S’agissant de la déclaration faite par le camp du candidat Ghazouani, la CENI avait fustigé cette sortie médiatique, la qualifiant d’illégale, nulle et non avenue. Je l’avais moi-même immédiatement condamnée dans tous les médias nationaux et étrangers. En tout état de cause, elle n’a eu et ne pouvait avoir aucun effet sur la conduite des opérations.
-On a connu un lendemain d’élection tendu, on a vu un énorme déploiement de forces armées et de sécurité dans la capitale. Qu’en avez-vous pensé ?
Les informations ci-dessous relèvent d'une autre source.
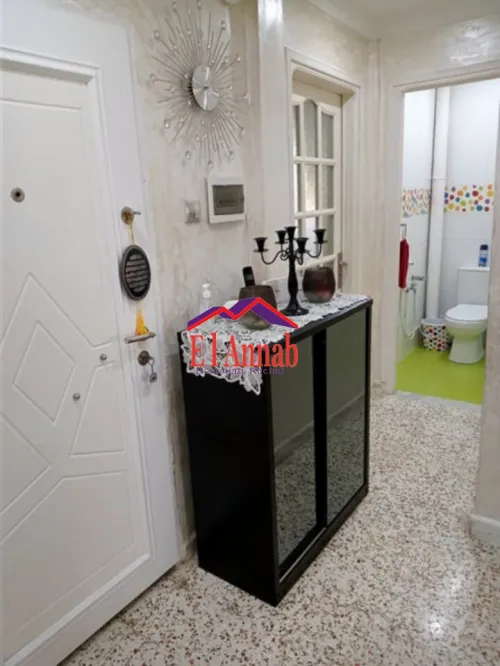 Vente Appartement F4 Annaba Sidi amar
-Ce qui s’est passé n’a rien à voir avec les élections. Les jeunes qui sont descendus dans la rue voulaient crier leur colère contre la précarité, la pauvreté, le chômage, et l’exclusion. A la base de leur mouvement, il y avait « lesocial », et non « l’électoral ». Autrement dit, c’est contre les résultats « sociaux » qu’ils sont sortis, et non contre les résultats « électoraux », qui les donnaient gagnants dans leurs Moughataa. J’aurai peut-être compris leur soulèvement contre l’élection si les résultats annoncés par la CENI les avaient donnés perdants dans leurs fiefs. Mais dès lors qu’ils ont gagné dans leurs bases, je considère que les échauffourées déclenchées à El Mina et Sebkha étaient plus un acte de défi et de rejet à l’adresse du pouvoir, qu’une contestation réelle de l’élection. Celle-ci aurait simplement servi de déclic ; les résultats de la CENI n’étant qu’un alibi, un habillage. De fait, il n’y avait ni crise postélectorale, ni tension grave. C’est pourquoi, j’étais indigné et surpris par l’énorme déploiement de forces armées et de sécurité. J’avais dit aux autorités mon agacement, et demandé avec insistance le retour de l’internet et la levée rapide du dispositif militaire. Franchement, les mesures prises par le gouvernement à l’époque étaient disproportionnées par rapport à la réalité - somme toute modeste - des protestations.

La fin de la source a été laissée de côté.